[isabelle] Code generation & type classes - inefficient code · Archive Mirror: Isabelle Users Mailing List

Stream: Archive Mirror: Isabelle Users Mailing List

Topic: [isabelle] Code generation & type classes - inefficient code

Email Gateway (Aug 22 2022 at 19:54):

From: Dominique Unruh <unruh@ut.ee>
Hello,

Generation of ML code from Isabelle mimics type classes by passing
around explicit records containing the functions specific to the type class.

E.g., you might get a function "inner_product A_ a b = map (#times A_)
(zip a b)" (roughly).

This works well, however, I noticed that the resulting code can be very
inefficient because the same records are constructed over and over. For
example, the term "[enumhd,enumhd,enumhd,enumhd,enumhd,enumhd] ::
(boolboolboolboolbool) list" (where enumhd is some constant we
defined using typeclass enum, the details are immaterial here) generates
the code

val code = [ enumhd
     (Enum.enum_prod Enum.enum_bool
       (Enum.enum_prod Enum.enum_bool
         (Enum.enum_prod Enum.enum_bool
           (Enum.enum_prod Enum.enum_bool Enum.enum_bool)))),

... repeated six times ... ]

(Demonstrated in the attached Scratch.thy)

The effect of this is two-fold:

* The generated code becomes much longer and thus compiles potentially
very slowly (I had a term in my application that was ~2500 lines of
code, and became ~150 lines after removing the repeated type class
generation code. The 2500 lines took ~40-60 seconds to compile which
means that a simple "by eval" takes that long.)

* A runtime overhead is incurred. E.g., the Enum.enum_prod function
above is internally producing products of lists over an over again.
This could be prohibitive if the Enum.enum_prod (or similar) occurs
in a function that is used in a loop.

I would have expected code like this:

val code = let val enum1 = (Enum.enum_prod Enum.enum_bool
       (Enum.enum_prod Enum.enum_bool
         (Enum.enum_prod Enum.enum_bool
           (Enum.enum_prod Enum.enum_bool Enum.enum_bool))))

val enumhd1 = enumhd enum1

in [enumhd1,enumhd1,enumhd1,enumhd1,enumhd1,enumhd1] end

This would compute every class only once (and if enumhd creates
typeclasses, this would also be done only once during the computation of
enumhd1).

(The general case would be: "f::args=>result" becomes "fun f
<typeclasses> = let <compute type classes and instantiate constants> in
fn args => <code> end". This way, invoking "val f1 = f <typeclasses>"
already computes all recursively type classes, and then "f1 args" can be
used several times without recomputing the type classes.)

My questions:

* Is there a way to tell the code generator to do things more
efficiently? (E.g., the way I described.)

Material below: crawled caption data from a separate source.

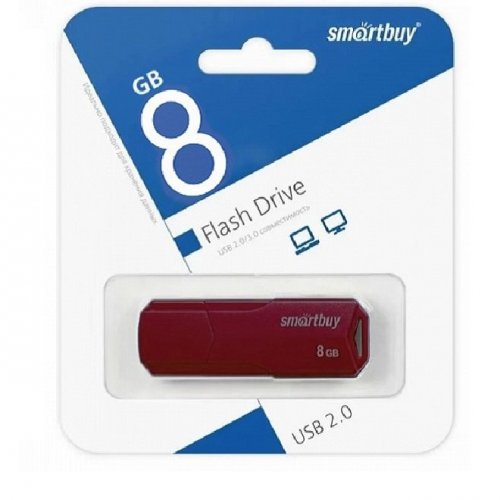 USB-накопитель SmartBuy 08GB CLUE Burgundy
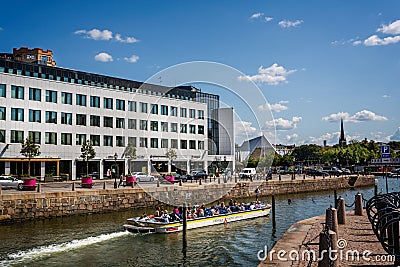 View of central Gothenburg with tour boat on the canal in Gothenburg, Sweden Editorial Stock Photo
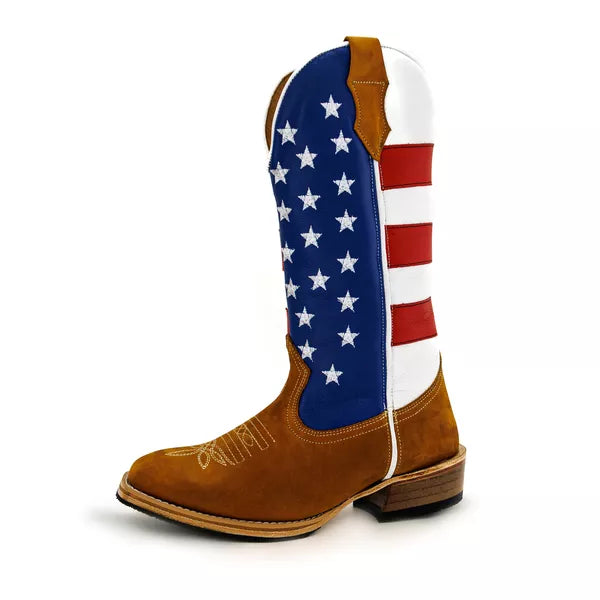 Bota Texana Salto Carrapeta Couro Legítimo Bandeira Americana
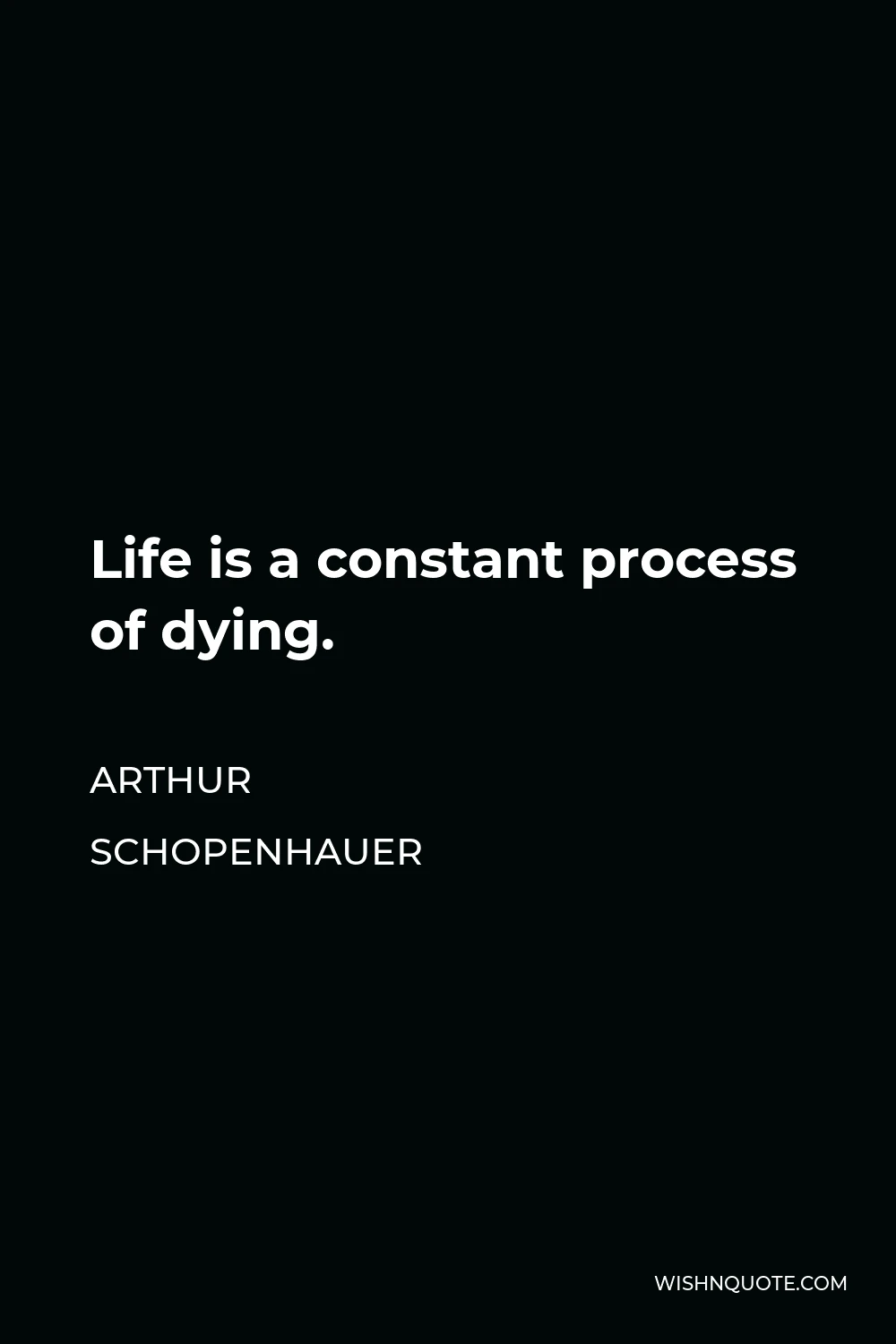 Arthur Schopenhauer Quote - Life is a constant process of dying.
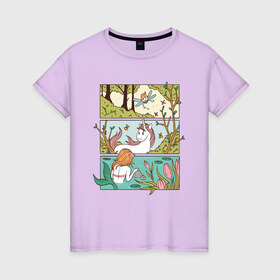 Женская футболка хлопок с принтом Зачарованный лес в Тюмени, 100% хлопок | прямой крой, круглый вырез горловины, длина до линии бедер, слегка спущенное плечо | comics | comix | enchanted | fairy | forest | mermaid | unicorn | бабочка | в лесу | единорог | единорожка | зачарованный | иллюстрация | комикс | красивая | лес | лесная | лесной | миф | мифические | природа | русалка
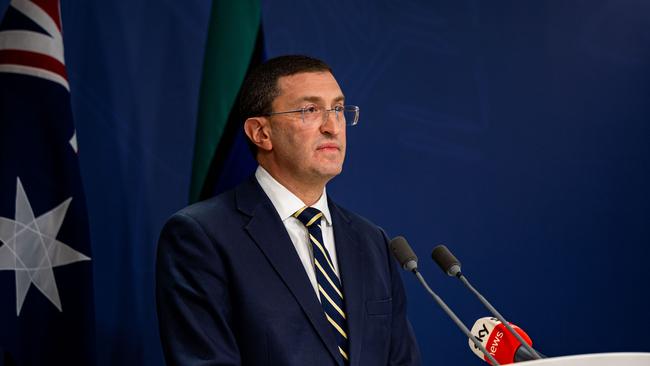 Julian Leeser at a press conference where he resigned from the Liberal party front bench. Picture: NCA NewsWire/ Ben Symons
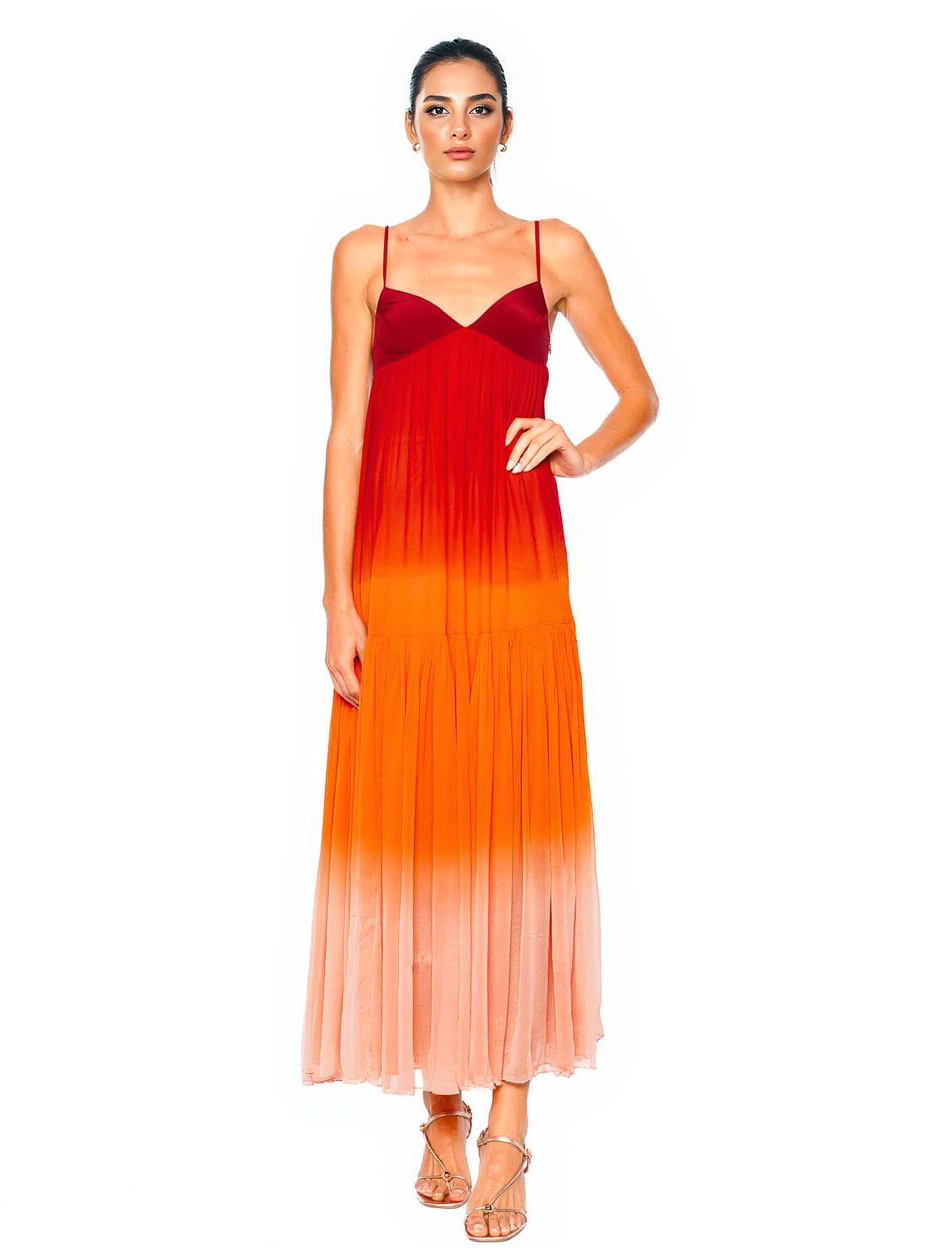 Sunset Gradient Pleated Tiered Maxi Dress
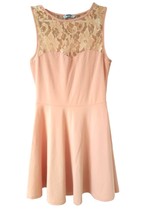 Zeagoo peach orange  fit &amp; flare lace dress S - £125.03 GBP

* Perhaps future versions of the code generator could do this? (I
don't know if the code generator is still being developed.)

Best wishes,
Dominique.
Scratch.thy

Email Gateway (Aug 22 2022 at 19:55):

From: Florian Haftmann <florian.haftmann@informatik.tu-muenchen.de>
Hi Dominique,

Am 21.05.19 um 12:08 schrieb Dominique Unruh:

Generation of ML code from Isabelle mimics type classes by passing
around explicit records containing the functions specific to the type
class.

This works well, however, I noticed that the resulting code can be very
inefficient because the same records are constructed over and over.

[...]

My questions:

* Is there a way to tell the code generator to do things more
efficiently? (E.g., the way I described.)

one approach is to provide explicit local definitions in code equations,
e. g.

lemma [code]:
‹f x = let e = (enum :: …) in …›

Another possibility is to provide monomorphic abbreviations, e. g.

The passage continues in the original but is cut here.